Omit all pictures and transcribe only the lines in the entries below that run from the line with "Area Youth Get" through the line with "1313 Fm 3175".

**Data:**
===

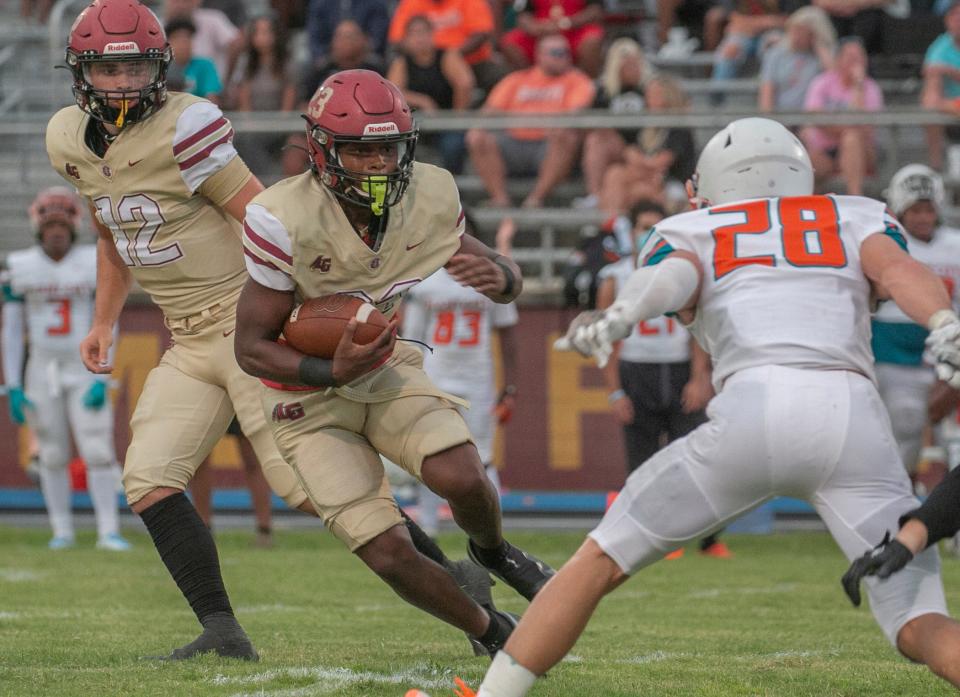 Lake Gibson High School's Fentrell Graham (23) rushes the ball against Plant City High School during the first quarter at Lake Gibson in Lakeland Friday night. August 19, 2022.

===

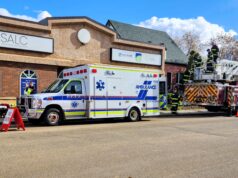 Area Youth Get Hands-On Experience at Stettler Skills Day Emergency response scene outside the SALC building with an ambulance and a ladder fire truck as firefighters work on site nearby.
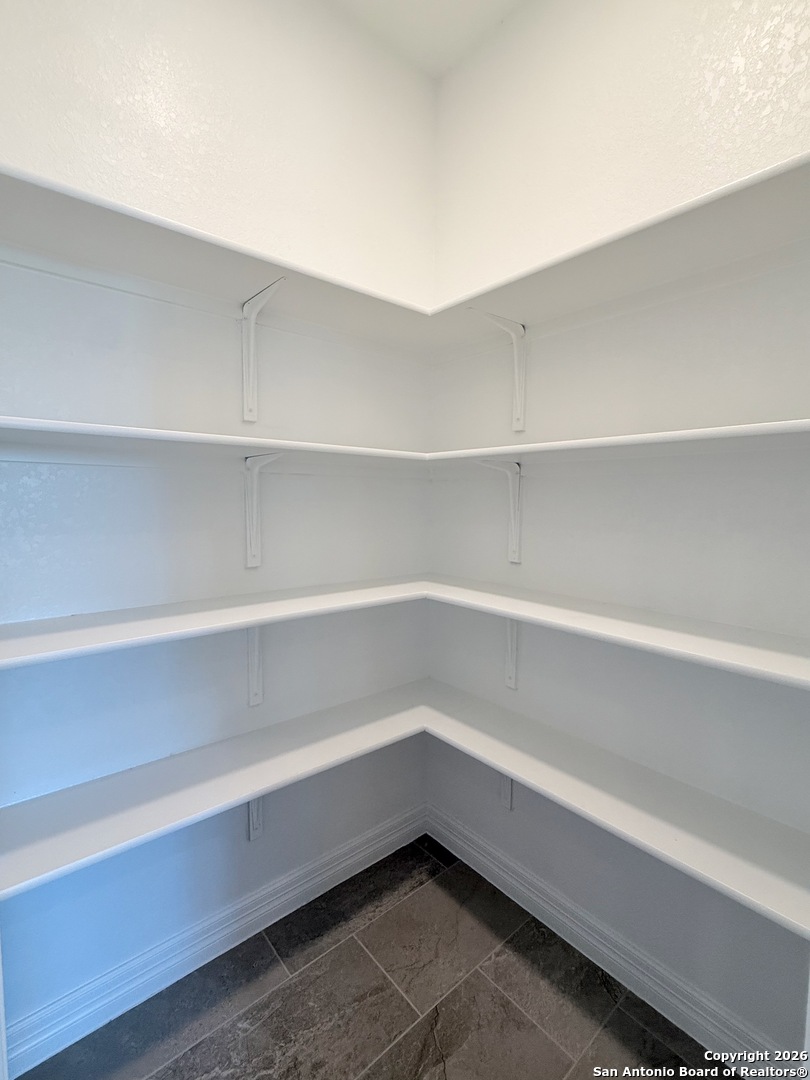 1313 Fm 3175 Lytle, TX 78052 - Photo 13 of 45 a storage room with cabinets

===

**Response box:**
 Area Youth Get Hands-On Experience at Stettler Skills Day Emergency response scene outside the SALC building with an ambulance and a ladder fire truck as firefighters work on site nearby.
 1313 Fm 3175 Lytle, TX 78052 - Photo 13 of 45 a storage room with cabinets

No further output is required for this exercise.